SPL-Flow is a platform that translates free-form natural language into SPL (Structured Prompt Language), routes each sub-task to the world's best specialist language model in parallel, and synthesizes a composed final response — an AI Symphony where each model plays the instrument it does best.


The Vision: AI Symphony

Traditional AI tools call a single general-purpose model for every task. SPL-Flow follows a Mixture-of-Models (MoM) paradigm — the same way a symphony orchestra assigns each instrument to the right player, SPL-Flow assigns each cognitive sub-task to the right specialist LLM:

Task Specialist Why
CJK characters (Chinese / Japanese / Korean) qwen/qwen-2.5-72b-instruct Leads C-Eval, CMMLU, JP-LMEH
European languages (translate, etc.) mistralai/mistral-large-2411 Leads EU multilingual MT-Bench
Code generation / review / debugging deepseek/deepseek-coder-v2 Leads HumanEval, SWE-bench
Math / science / proofs deepseek/deepseek-r1 Leads MATH, AIME, GPQA
Long-form reasoning / analysis anthropic/claude-opus-4-6 Leads MMLU-Pro reasoning
Synthesis / composition (final output) anthropic/claude-opus-4-6 Coherent long-form writing

Just write USING MODEL auto in your SPL and the system automatically routes to the optimal model.


What's New (2026-02)

API-First Architecture

src/api.py is the first-class public interface — enabling system-to-system integration, agent-to-agent workflows, testing, and automation. The CLI and Streamlit UI are thin wrappers over three core functions:

from src import api

# Translate NL to SPL (preview, no execution)
result = api.generate("List 10 Chinese characters with water radical")

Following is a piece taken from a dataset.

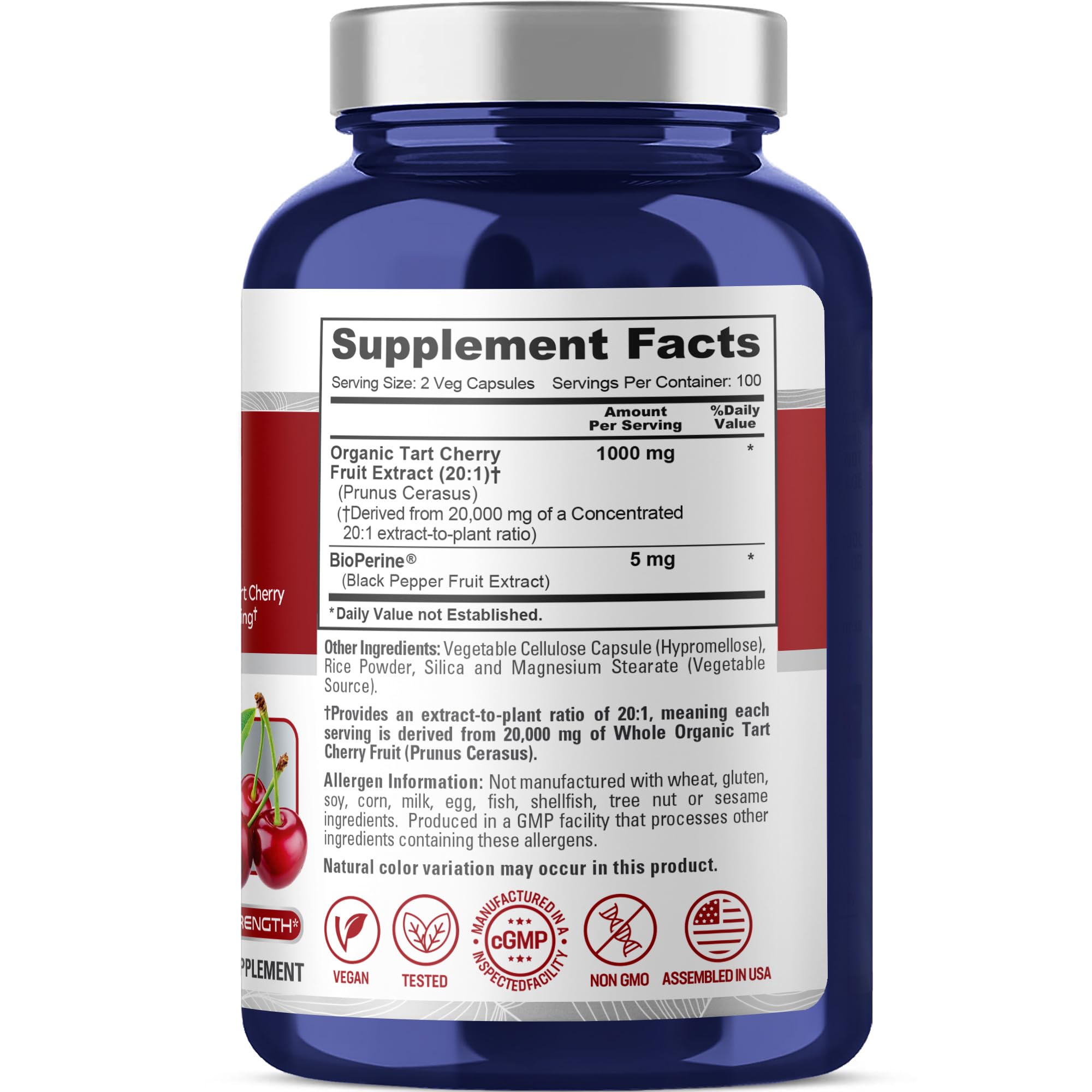 NusaPure Tart Cherry 20:1 capsules close-up shows vegan capsules.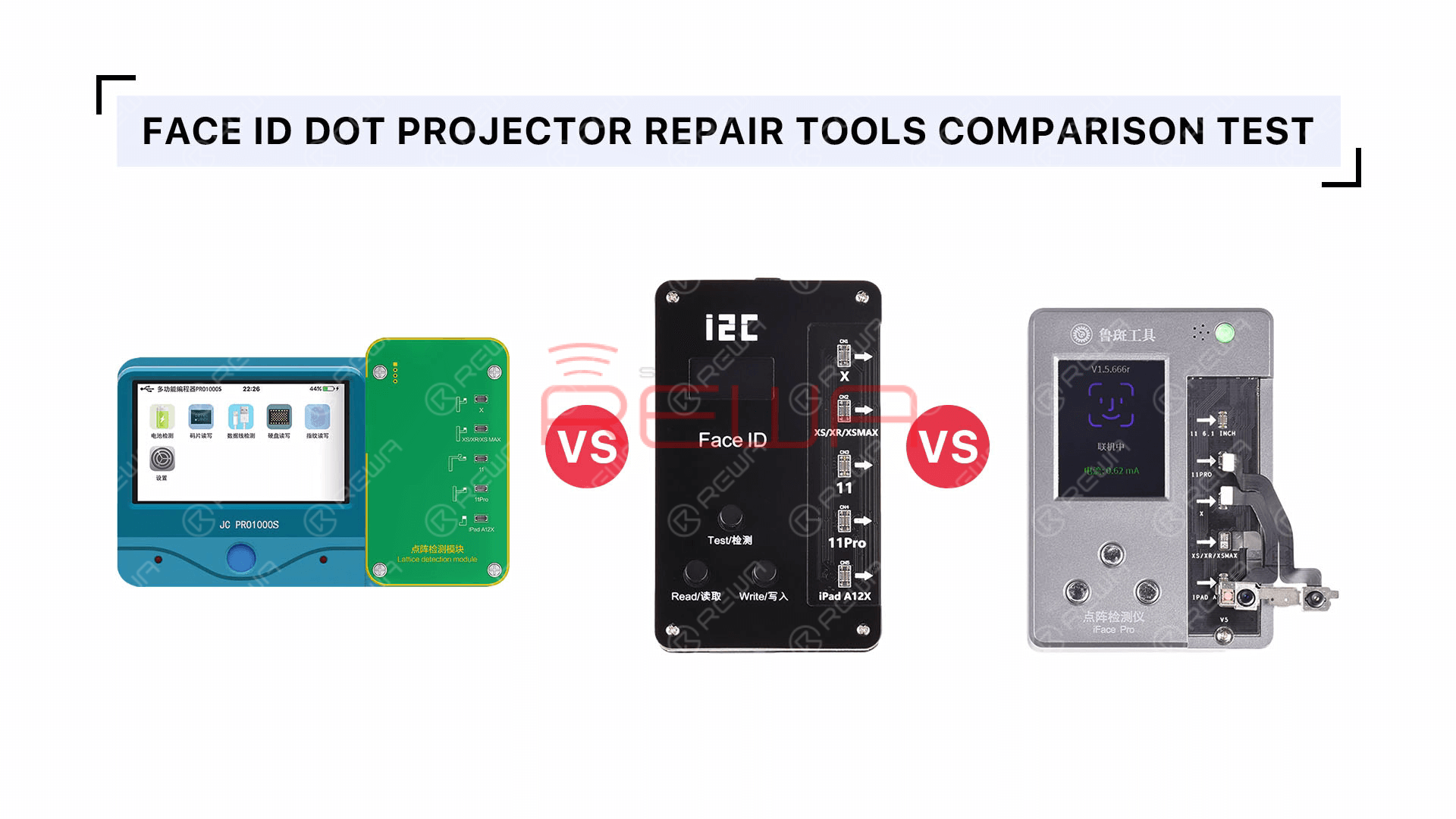 The fault is face ID not working - move iPhone a little lower/higher. Here we will introduce three different repair tools to fix the problem, which include JC, LUBAN, and I2C.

# Full pipeline: NL → SPL → validate → execute → deliver
result = api.run("Summarize this article", context_text=doc, adapter="openrouter")

# Execute pre-written SPL directly (batch / agent-to-agent)
result = api.exec_spl(spl_query, adapter="ollama", provider="deepseek")

RAG Context Store (ChromaDB)

Every valid (NL query, SPL) pair from real sessions is automatically captured to a ChromaDB vector store — gold-standard human-labeled data that improves future SPL generation via dynamic few-shot retrieval.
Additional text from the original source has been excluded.